The rainfall at the beginning of the Historic period in Britain must have been greater than it is now, because of the large extent of forest and morass, and the fogs and mists[5] more often intercepted the light of the sun. In other respects the climate was more temperate than on the Continent, and with its extremes far less marked. It was warm enough in the south for the vine, but too cold for the olive.

The surface of the country was densely covered with trees. In the south the Anderidan forest extended over the greater part of Kent and Sussex, and into Wiltshire and Hampshire; in the north the Caledonian over- shadowed the region of the Grampians; and in the middle there was the wild region of the Pennine hills. Morasses bordered most of the principal rivers and streams. Wild animals were sufficiently abundant to allow of a trade being carried on in furs with merchants from Gaul. There were bears, wild boars, wolves, and foxes, in the forests; stags and roe-deer in the glades; beavers[6] in the rivers; and bustards were numerous on the south-eastern downs. In the north of Scotland the reindeer still survived, and was hunted by the inhabitants of Caithness, who lived in the circular stone "burgs" or "broughs."[7] The dogs used by the British hunters soon became famous in Italy.[8]

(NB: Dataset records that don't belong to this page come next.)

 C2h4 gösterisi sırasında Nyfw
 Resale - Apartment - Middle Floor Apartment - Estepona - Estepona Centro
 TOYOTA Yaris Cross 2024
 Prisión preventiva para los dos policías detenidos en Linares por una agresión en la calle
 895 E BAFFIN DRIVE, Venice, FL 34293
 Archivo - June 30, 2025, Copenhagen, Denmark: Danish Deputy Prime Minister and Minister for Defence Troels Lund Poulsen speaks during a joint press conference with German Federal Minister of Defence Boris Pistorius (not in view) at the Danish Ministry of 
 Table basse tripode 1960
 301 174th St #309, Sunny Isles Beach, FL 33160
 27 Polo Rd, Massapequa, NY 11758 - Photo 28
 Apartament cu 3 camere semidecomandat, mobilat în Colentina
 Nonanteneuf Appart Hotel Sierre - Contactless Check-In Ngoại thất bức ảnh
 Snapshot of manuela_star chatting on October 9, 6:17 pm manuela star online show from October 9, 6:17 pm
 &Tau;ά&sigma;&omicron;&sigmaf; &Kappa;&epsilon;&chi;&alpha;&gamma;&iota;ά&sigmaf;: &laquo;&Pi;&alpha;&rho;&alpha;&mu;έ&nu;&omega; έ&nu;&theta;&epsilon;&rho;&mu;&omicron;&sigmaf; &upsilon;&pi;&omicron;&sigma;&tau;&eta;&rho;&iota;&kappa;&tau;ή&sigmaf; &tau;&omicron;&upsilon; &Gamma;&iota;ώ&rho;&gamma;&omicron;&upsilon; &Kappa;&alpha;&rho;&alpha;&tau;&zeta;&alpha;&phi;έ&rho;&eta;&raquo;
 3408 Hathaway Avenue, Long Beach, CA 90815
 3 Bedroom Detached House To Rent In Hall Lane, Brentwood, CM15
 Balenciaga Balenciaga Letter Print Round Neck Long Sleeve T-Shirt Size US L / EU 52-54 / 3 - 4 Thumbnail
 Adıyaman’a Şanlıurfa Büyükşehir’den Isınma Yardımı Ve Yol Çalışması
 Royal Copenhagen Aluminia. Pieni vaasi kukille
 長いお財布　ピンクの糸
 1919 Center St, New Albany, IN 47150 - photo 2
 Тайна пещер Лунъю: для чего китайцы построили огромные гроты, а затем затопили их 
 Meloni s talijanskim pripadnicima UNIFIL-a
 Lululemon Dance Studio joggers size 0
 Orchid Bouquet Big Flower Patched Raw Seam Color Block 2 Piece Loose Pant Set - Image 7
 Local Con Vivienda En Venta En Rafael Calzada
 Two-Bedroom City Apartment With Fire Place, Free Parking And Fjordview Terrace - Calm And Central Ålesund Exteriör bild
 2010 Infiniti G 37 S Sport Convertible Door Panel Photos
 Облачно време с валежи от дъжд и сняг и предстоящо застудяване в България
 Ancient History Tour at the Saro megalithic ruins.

The dwellings consisted of small circular huts, made of wood or wattles, or of stone, which were sometimes protected by a stockade of timber in the woods, or by the ramparts which had been inherited from the former Neolithic inhabitants of the country. They were connected with each other by narrow tracks sufficiently wide to allow of the passage of a small horse, or sometimes of a chariot. These tracks are still to be seen in many parts of the country, and are remarkable for their irregular, winding course, so different from the wide, straight Roman road to be seen in many places close by.

Population at the Time of the Roman Conquest.

The inhabitants were numerous, collected together into villages and towns, and governed by chiefs frequently at war with each other, who consequently fell an easy prey to the Romans. They subsisted principally on their swine, small short-horned cattle, and horned sheep, and to a lesser degree on their crops of wheat and barley. They brewed beer from both of these, and used honey for making mead. The tribes of northern Britain in the time of Agricola, A.D. 80, were pastoral and ignorant of agriculture. Under the Roman power the land rapidly passed under the plough in southern and eastern Britain, and in the days of Julian[9] sufficient corn was grown to freight eight hundred ships, by which it was carried to the mouth of the Rhine. The corn was cut off close to the ear, or, according to Pytheas, collected in sheaves, which were thrashed in large buildings,[10] roofed over for protection against the ungenial climate. It was stored in subterranean granaries.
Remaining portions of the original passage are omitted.